Because nothing says December football like a bunch of shirtless goofs.
Week 15 was another ridiculous week from start to finish. From San Diego’s upset of the Denver Broncos last Thursday night to Justin Tucker kicking the Baltimore Ravens past the Detroit Lions, it was a crazy ride like none we can remember. On with the countdown…
32. Houston Texans (2-12) (Last week 32) Remember when the Texans were 2-0? That’s OK, neither do they.
31. Washington Redskins (3-11) (31) Kirk Cousins can play a little bit too. Wonder where he ends up next season?

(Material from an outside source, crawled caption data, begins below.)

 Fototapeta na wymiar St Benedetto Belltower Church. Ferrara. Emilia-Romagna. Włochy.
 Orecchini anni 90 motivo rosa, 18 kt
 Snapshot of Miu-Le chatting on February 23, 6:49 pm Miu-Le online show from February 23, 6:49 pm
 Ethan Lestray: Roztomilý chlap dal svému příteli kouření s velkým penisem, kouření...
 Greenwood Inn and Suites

30. Oakland Raiders (4-10) (28) The license plate of the truck that ran them over? It was a red and white vehicle with Missouri plates and the #25.
29. Tampa Bay Buccaneers (4-10) (26) Proved to be little more than a punching bag for the Niners
28. Atlanta Falcons (4-10) (30) Falcons couldn’t even tank this game right to move into the #2 draft spot.

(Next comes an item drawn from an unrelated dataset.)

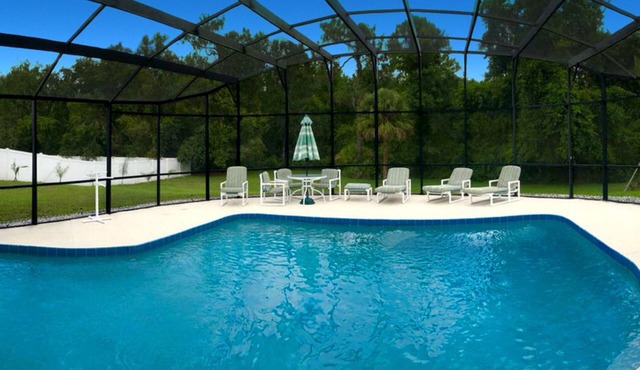 STUNNING VILLA, LARGE PRIVATE POOL & CONSERVATION VIEWS - 4 Miles from Disney!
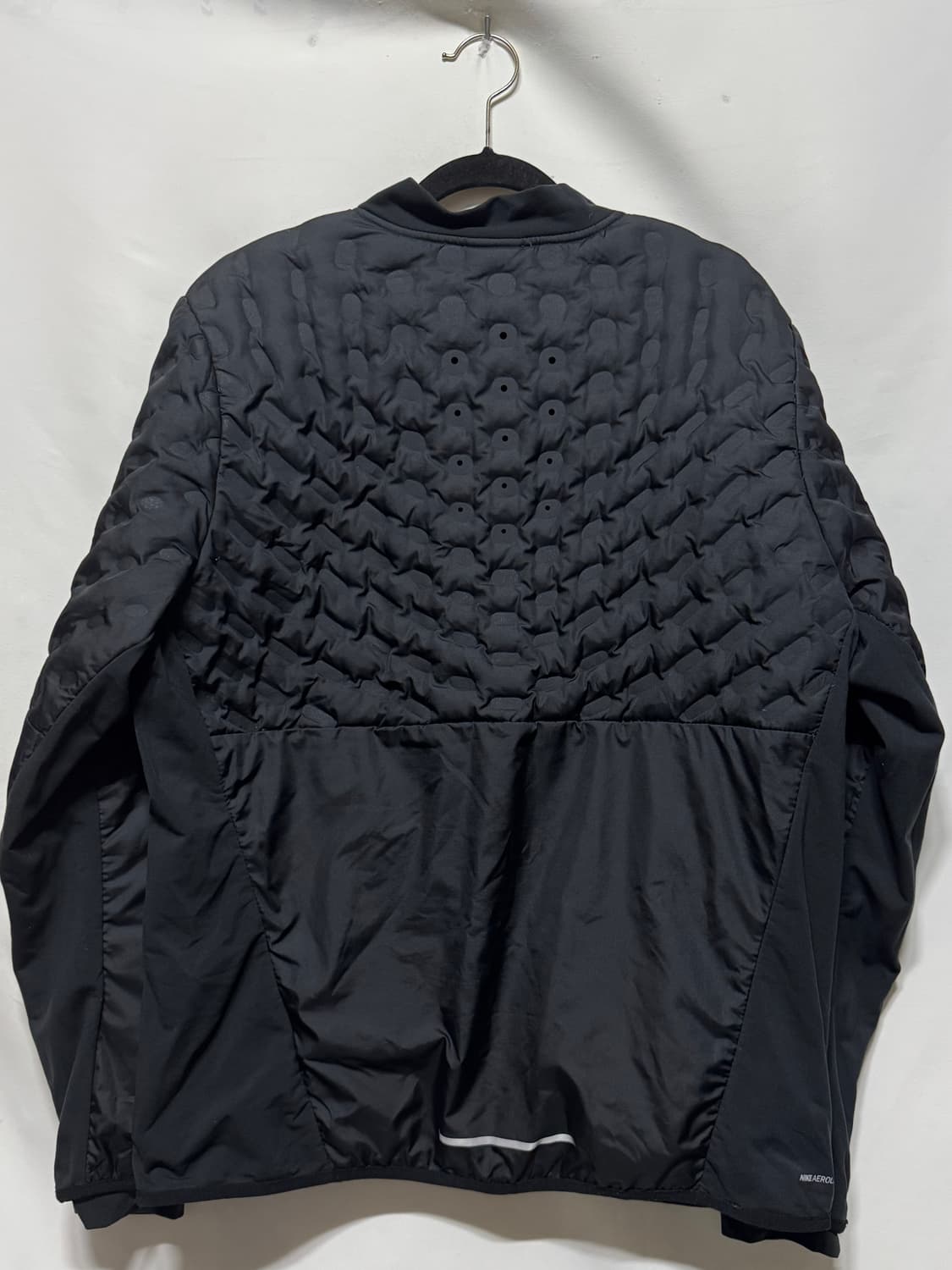 XL 나이키 에어로로프트 자켓 상품이미지2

27. Buffalo Bills (4-10) (27) EJ Manual might at least give them a quarterback to build around next season.
26. Minnesota Vikings (4-9-1) (29) How the hell did they beat the Eagles with Adrian Peterson AND Toby Gerhart on the sidelines???
25. Jacksonville Jaguars (4-10) (25) You have to give Gus Bradley credit for keeping his team together and competitive…
24. New York Giants (5-9) (23) … the same can’t be said the Giants, who seem to have given up on Tom Coughlin. Bears fans will become Giants fans for the weekend when the GMen head to Detroit.
23. Cleveland Browns (4-10) (24) How does Josh Gordon only get three catches?